In a region facing increasing pressure on press freedom during the crisis, Egypt has been especially hard hit. Lina Attala, the editor of Mada Masr, often described as the last remaining independent news source in the country, was recently arrested while interviewing the mother of a prisoner on hunger strike.
As limits on the power of el-Sisi and the military disappear, the expectation increases that the large volume of international funds released for Egypt’s coronavirus response will go towards lining the pockets of the regime, rather than helping those most in need.
Spiralling controls in Eastern Europe and Central Asia
In a region with already weak political rights for citizens, the COVID-19 crisis has provided cover for further abuses.
In Georgia, members of the ruling party have proposed a law that would allow the government to impose limits on fundamental rights, without the implementation of a state of emergency approved by parliament.
The protection of public health is an important legitimate goal. Nevertheless, this cannot be used as a justification for unconstitutionally restricting human rights.
The European Union is not immune to backsliding on the rule of law, either.
In Hungary, even as Prime Minister Victor Orban's power to rule by decree seems to be coming to an end, the incremental disruption of checks and balances and the undermining of the rule of law in the country continues.

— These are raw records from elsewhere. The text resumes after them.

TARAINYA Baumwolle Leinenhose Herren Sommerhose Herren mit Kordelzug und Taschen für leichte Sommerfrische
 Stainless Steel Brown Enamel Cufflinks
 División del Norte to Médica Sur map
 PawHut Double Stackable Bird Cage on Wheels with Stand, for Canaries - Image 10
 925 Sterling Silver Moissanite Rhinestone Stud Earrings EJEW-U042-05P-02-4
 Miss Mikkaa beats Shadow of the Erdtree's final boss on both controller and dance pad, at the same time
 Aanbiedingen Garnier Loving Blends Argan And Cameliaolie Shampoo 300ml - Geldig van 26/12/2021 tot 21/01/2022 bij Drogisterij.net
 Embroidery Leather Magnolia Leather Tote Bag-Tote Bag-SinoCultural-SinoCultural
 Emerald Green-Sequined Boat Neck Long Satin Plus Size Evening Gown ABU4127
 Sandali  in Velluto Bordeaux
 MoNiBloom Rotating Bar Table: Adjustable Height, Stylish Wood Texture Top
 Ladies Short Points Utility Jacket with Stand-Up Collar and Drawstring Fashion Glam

MEPs in Brussels have called for action to stop threats to judicial independence in Poland.
The end of ‘One country, two systems’ in China and Hong Kong?
There have been further crackdowns on the pro-democracy protest movement in Hong Kong in recent months, with commentators on the ground saying that limits on gatherings to combat coronavirus are being used to stifle freedoms.
Now, Beijing has passed a bill to extend China’s national security law to the territory, which was previously considered an autonomous area.
Alarming deterioration in media freedom in Southern Africa
In the southern African kingdom of eSwatini, journalists who have criticised authorities’ handling of the crisis have been hounded by the police, according to Reports Without Borders. Madagascar too has seen journalists arrested for criticising the government’s response to the crisis, which has included the promotion of a herbal cure for COVID-19.
With concerns about dodgy procurement practices and the abuse of funds intended to tackle the crisis rising across the region, it is vital that the press and civil society are able to fulfil their watchdog function and hold the powerful to account.
Not an inevitable outcome
In countries where authoritarianism is on the rise there is typically little space for Civil Society activists or independent media to demand change, or to campaign for their democratic rights and freedoms. That is why international and multilateral organisations must help ensure that post-COVID, we don’t enter a new normal in which corruption and kleptocracy can more easily thrive.
Transparency International and our partners have been urging institutions such as the European Commission and European Council, the Organisation of American States, the G20, the Southern African Development Community, International Monetary Fund and European Bank for Reconstruction and Development to use their leverage and leadership to promote transparency, accountability, and rule of law wherever possible in their response to the COVID-19 crisis.
With so much at stake, there is no room for backsliding during the COVID-19 crisis. If lost, the social, political and economic gains made in many countries will take decades to win back, and the poorest and most vulnerable in society will suffer most.
This though is not an inevitable outcome, and together we can ensure the short- and long-term impact of COVID-19 is strengthened checks and balances, better oversight mechanisms and greater accountability for those in power.